Do you mean to work or in general? I started cycling about 6 years old. My office is only about 15 minutes from my home, so when I can I take my bicycle. I don’t always commute. I must confess I am more of a fair-weather biker. The reason is I think I probably just haven’t got myself into the year-round gear. Like anything else, if you suit up properly for it, you can deal with the elements. My husband is year-round commuter by bicycle: all weather, all parts of the city. He is a community legal worker.

What is your favourite route to commute on?

My regular route is Parkside and Keele Street. But, my favourite commute route is Indian Road. Parkside Drive during rush hour is a dangerous place to ride. This is a real shame because it is right beside High Park and it seems to me to be a perfect place for a well-laid-out cycling route. Obviously, there are roads in the park [for cycling] but, for waterfront access I do see cyclists going down Parkside Drive. If there was a safe bike lane [on Parkside] it might also slow some traffic down, because right now it is a real speedway.

I do not bike in Ottawa — I walk.

Where is your favourite place to bike in all of Toronto?

Definitely the waterfront trail. I like taking the waterfront trail out to Oakville.

What is your number one Bike Wish for Toronto?

More dedicated bike paths that are actually away from major traffic routes. That thin white line isn’t going to save your life. I really like dedicated bike paths that afford you a safe dedicated bike lane.

What is your favourite thing about biking in general?

It’s good clean fun.

Since I had the ear of a federal politician, I thought I’d stray a bit from the regular profile-style questions to ask about a life and death issue for cyclists, which is legislated federally: truck guards, or as they are sometimes called, underride or underrun guards. I have amassed quite a bit of information on this and will write a more complete post on this issue later.

For now, know that Nash’s colleague Oliva Chow, MP for Trinity-Spadina, has put forward a motion to make truck guards mandatory. But, according to Chow’s assistant it could be another two years before this is even read in the house. The Ontario Coroner’s report of 1998 recommended that Transport Canada investigate the feasibility of requiring large trucks to have side guards.

You can print off the petition to make truck guards mandatory here. It is meant to be printed and mailed in (free of charge) so that Chow can present it officially in Parliament.
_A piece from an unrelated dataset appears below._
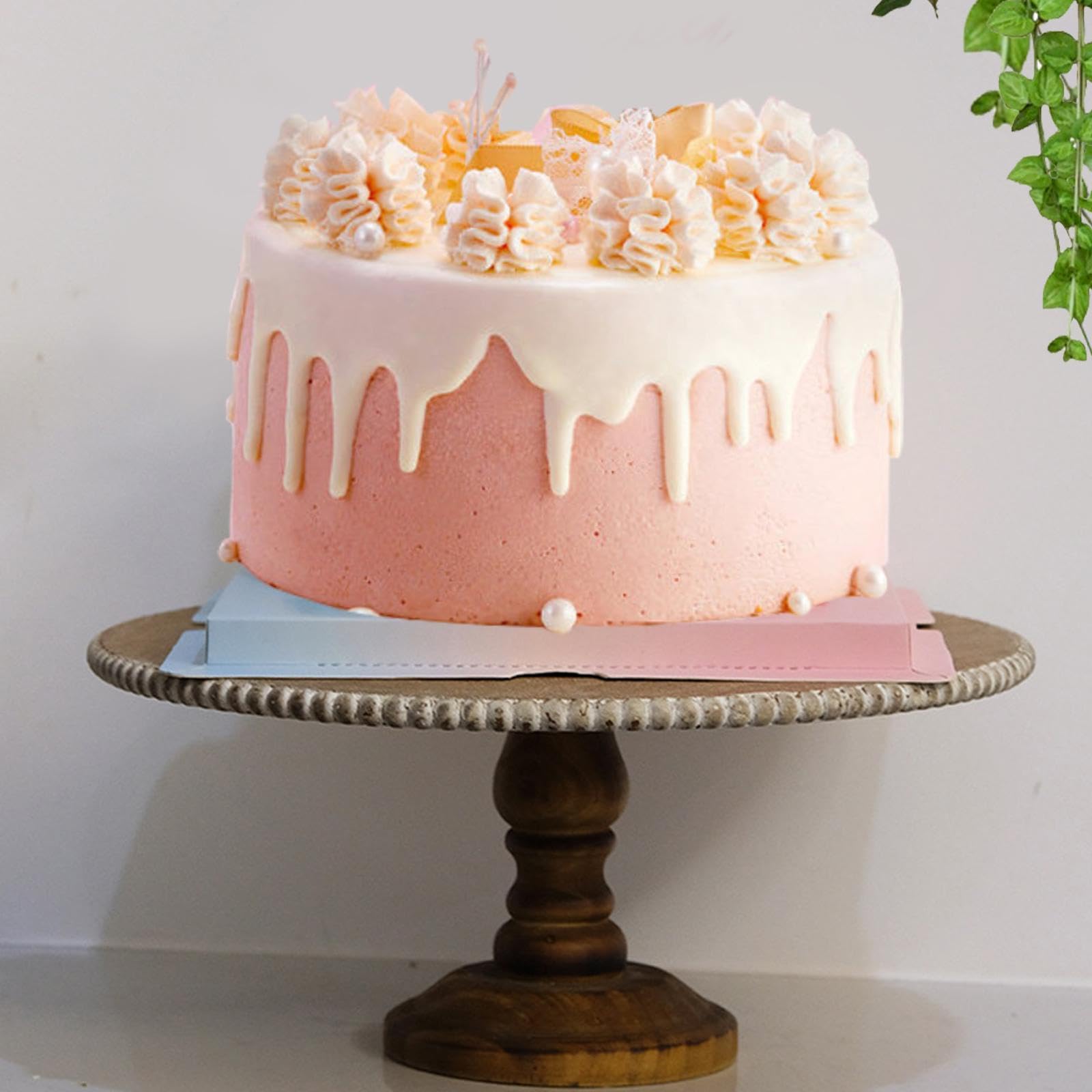 Soporte para Cupcakes, Bandeja de Servir, Recipiente Redondo, Plato para Dulces, Estante para Pasteles para Mesa, Aniversario, Boda, Desayuno, Comida,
Apparently, e-petitions are not “official”.

Truck Guards, yes, I had heard about it. I think that is a really positive proposal. I spoke to a person who I met on Queen Street who was devastated that a friend of his was killed with a right turning truck.

Is there anything we can do to expedite this motion and make it law sooner?

Yes. To expedite it, to have it become law, you need all-party consent. If all parties agreed it was a motion they would support, then it can be put forward. Maybe the minister [of transport] needs to hear about some of the problems from cyclists. Having cyclists from HIS riding contact him would be a positive thing. I’m a big believer in making your opinions known. All I can say is: cyclists unite and make your voice heard.

And, what do you think about the petition to give cyclists a tax break, similar to the recent transit tax break initiative?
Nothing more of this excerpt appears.